Тибетов узел

Нет ничего более общего для всех людей и народов, чем чувство... собственной исключительности. Настоящее своеобразие наций состоит в том, как одно связывается с другим.

Любой француз при всем его скептицизме и фрондерстве будет благосклонно внимать разговору о том, что Франция - колыбель рациональной мысли, излучающая разумное и светлое от Парижа до самых до окраин.

Американцы уже без всякого скепсиса припишут это достоинство собственной стране, за что и нелюбимы французами, считающими жителей Нового Света плагиаторами и выскочками.

Немцы лелеют мысль о собственной, альтернативной разумности, ради которой они придумали свою метафизику.

Русские довели культ инаковости до мировых масштабов, до готовности пожертвовать собой ради "мира в мире".

Японцы культивируют все особенное в своей жизни с такой страстью, что кажутся экзотичными сами себе.
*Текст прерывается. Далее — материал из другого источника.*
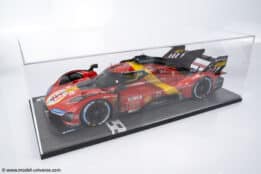 BBR - 1:12 Ferrari 499P No.51 Winner 24h Le Mans 2023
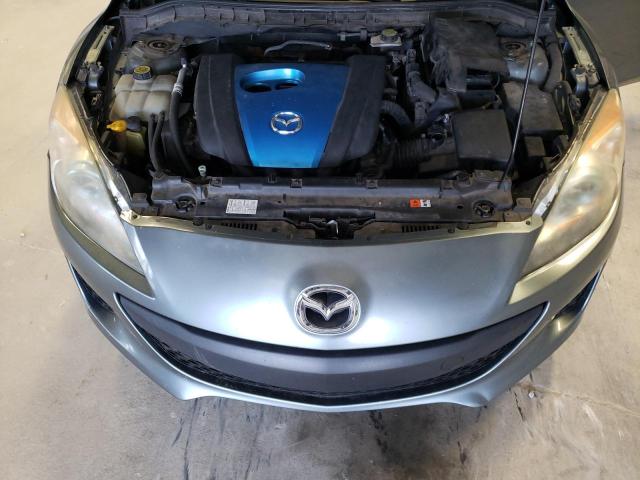 Photo 11 from auction – 2012 MAZDA 3 I with VIN JM1BL1V72C1573928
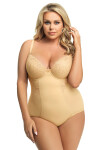 Dámske body 184 Livia béžová - Gorsenia 80G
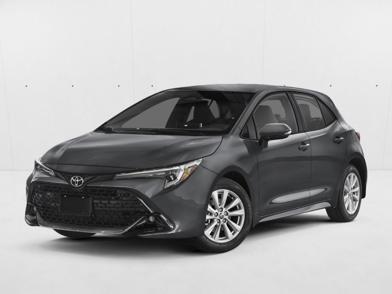 2026 Toyota Corolla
Тибет в этом параде национальных самобытностей занимает совершенно особое место. Со времен Блаватской и Рерихов все чувствуют, что Тибет невероятно и неподдельно самобытен, что все происходящее в нем имеет огромное значение для мира, но пока никто не смог выговорить, в чем заключается это значение и какой вызов оно предъявляет человечеству. Почитайте любой курс истории Тибета: в отличие от многократно отрефлектированных историй Запада, он не даст вам понимания ни ее движущих сил, ни ее целей. Уникальный в своем роде теократический строй Тибета, будучи венцом главной темы буддизма махаяны о нераздельности нирваны и сансары, привел тибетцев к полной слитности материального и духовного в их культуре, к такому всепоглощающему всеединству, перед которым бледнеет и старорусское "бытовое исповедничество". Тибетский уклад внушает присутствие "совсем другого" в родном и знакомом; в нем небесная пустота преломляется в грубую вещественность земной почвы. Оттого и внутренняя форма этого уклада недоступна рефлексии, не выводится на промокашку понятий и теорий. Надо ли Тибету идти куда-то дальше? Или достаточно законсервировать эту старину на манер поддельного антиквариата, в изобилии сбываемого туристам на тибетских базарах, и "духовно навеки почить", поскольку дух и так уже почиет на жителях Страны Снегов? Ответ вовсе не очевиден.

Фокус политологии таится здесь: объяснить, каким образом особенное становится общим, а иное - своим. В Тибете он выражен особенно резко. А пока сгущается завеса тайны над историческим предназначением Тибета, у нас на глазах происходят слишком понятные, слишком ожидаемые события, крутятся колесики политических и пропагандистских машин. Демонстрации тибетцев, требующих независимости. Горящие рынки и автомашины. Национальные тибетские флаги в окнах домов. Марширующие солдаты. Расстрелы и трупы. Плачущая молодая тибетка в камере полицейского участка в Лхасе. Заявления и опровержения. Всколыхнувшаяся "мировая общественность", не умеющая и не желающая вникать в суть вопроса. Ставки повышаются. Угроза срыва грядущей Олимпиады в Пекине - кошмар для китайских властей. Китайские диссиденты пишут открытые письма партийному руководству, в которых утверждают, что корень всех бед - в партийной диктатуре и что "в демократическом федеративном Китае у Тибета не будет необходимости в отделении".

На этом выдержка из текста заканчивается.